PROVIDED DATA

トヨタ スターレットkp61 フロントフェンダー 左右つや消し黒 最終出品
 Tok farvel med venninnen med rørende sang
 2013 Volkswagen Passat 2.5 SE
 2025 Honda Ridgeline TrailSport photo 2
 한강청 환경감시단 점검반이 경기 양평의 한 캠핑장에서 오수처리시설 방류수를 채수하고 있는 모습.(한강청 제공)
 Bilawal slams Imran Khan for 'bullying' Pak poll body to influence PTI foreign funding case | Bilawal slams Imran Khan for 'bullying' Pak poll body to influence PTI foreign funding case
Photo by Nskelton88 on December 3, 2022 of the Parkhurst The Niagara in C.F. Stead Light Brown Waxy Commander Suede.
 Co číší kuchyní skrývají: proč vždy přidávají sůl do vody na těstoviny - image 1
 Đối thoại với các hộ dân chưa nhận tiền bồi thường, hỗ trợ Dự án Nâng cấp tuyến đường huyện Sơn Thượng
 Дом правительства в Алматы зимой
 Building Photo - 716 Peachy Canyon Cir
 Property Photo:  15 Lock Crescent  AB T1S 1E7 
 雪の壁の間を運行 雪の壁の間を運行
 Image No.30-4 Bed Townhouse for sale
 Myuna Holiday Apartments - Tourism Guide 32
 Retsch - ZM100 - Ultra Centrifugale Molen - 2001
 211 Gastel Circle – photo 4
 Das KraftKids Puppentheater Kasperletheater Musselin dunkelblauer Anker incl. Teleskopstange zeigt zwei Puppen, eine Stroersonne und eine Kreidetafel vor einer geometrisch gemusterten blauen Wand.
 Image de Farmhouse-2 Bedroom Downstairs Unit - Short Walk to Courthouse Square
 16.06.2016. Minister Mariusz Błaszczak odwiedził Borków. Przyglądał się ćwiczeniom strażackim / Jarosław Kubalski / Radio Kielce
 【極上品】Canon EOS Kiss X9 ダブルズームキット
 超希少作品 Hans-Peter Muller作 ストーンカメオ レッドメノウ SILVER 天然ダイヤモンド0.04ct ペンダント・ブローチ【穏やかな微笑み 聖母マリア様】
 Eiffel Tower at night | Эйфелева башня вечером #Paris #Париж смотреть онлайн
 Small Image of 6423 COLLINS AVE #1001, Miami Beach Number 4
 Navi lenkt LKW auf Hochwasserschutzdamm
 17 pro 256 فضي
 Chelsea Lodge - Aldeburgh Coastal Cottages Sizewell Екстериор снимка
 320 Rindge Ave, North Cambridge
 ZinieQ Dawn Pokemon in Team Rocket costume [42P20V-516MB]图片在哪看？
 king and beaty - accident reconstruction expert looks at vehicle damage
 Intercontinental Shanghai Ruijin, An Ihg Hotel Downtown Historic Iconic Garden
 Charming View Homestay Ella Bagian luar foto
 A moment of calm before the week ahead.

EXERCISE
Write the lines again exactly, from the first line of the material above to the line that includes "超希少作品 Hans-Peter Muller作", both included. Leave out all the rest.

TASK OUTPUT
トヨタ スターレットkp61 フロントフェンダー 左右つや消し黒 最終出品
 Tok farvel med venninnen med rørende sang
 2013 Volkswagen Passat 2.5 SE
 2025 Honda Ridgeline TrailSport photo 2
 한강청 환경감시단 점검반이 경기 양평의 한 캠핑장에서 오수처리시설 방류수를 채수하고 있는 모습.(한강청 제공)
 Bilawal slams Imran Khan for 'bullying' Pak poll body to influence PTI foreign funding case | Bilawal slams Imran Khan for 'bullying' Pak poll body to influence PTI foreign funding case
Photo by Nskelton88 on December 3, 2022 of the Parkhurst The Niagara in C.F. Stead Light Brown Waxy Commander Suede.
 Co číší kuchyní skrývají: proč vždy přidávají sůl do vody na těstoviny - image 1
 Đối thoại với các hộ dân chưa nhận tiền bồi thường, hỗ trợ Dự án Nâng cấp tuyến đường huyện Sơn Thượng
 Дом правительства в Алматы зимой
 Building Photo - 716 Peachy Canyon Cir
 Property Photo:  15 Lock Crescent  AB T1S 1E7 
 雪の壁の間を運行 雪の壁の間を運行
 Image No.30-4 Bed Townhouse for sale
 Myuna Holiday Apartments - Tourism Guide 32
 Retsch - ZM100 - Ultra Centrifugale Molen - 2001
 211 Gastel Circle – photo 4
 Das KraftKids Puppentheater Kasperletheater Musselin dunkelblauer Anker incl. Teleskopstange zeigt zwei Puppen, eine Stroersonne und eine Kreidetafel vor einer geometrisch gemusterten blauen Wand.
 Image de Farmhouse-2 Bedroom Downstairs Unit - Short Walk to Courthouse Square
 16.06.2016. Minister Mariusz Błaszczak odwiedził Borków. Przyglądał się ćwiczeniom strażackim / Jarosław Kubalski / Radio Kielce
 【極上品】Canon EOS Kiss X9 ダブルズームキット
 超希少作品 Hans-Peter Muller作 ストーンカメオ レッドメノウ SILVER 天然ダイヤモンド0.04ct ペンダント・ブローチ【穏やかな微笑み 聖母マリア様】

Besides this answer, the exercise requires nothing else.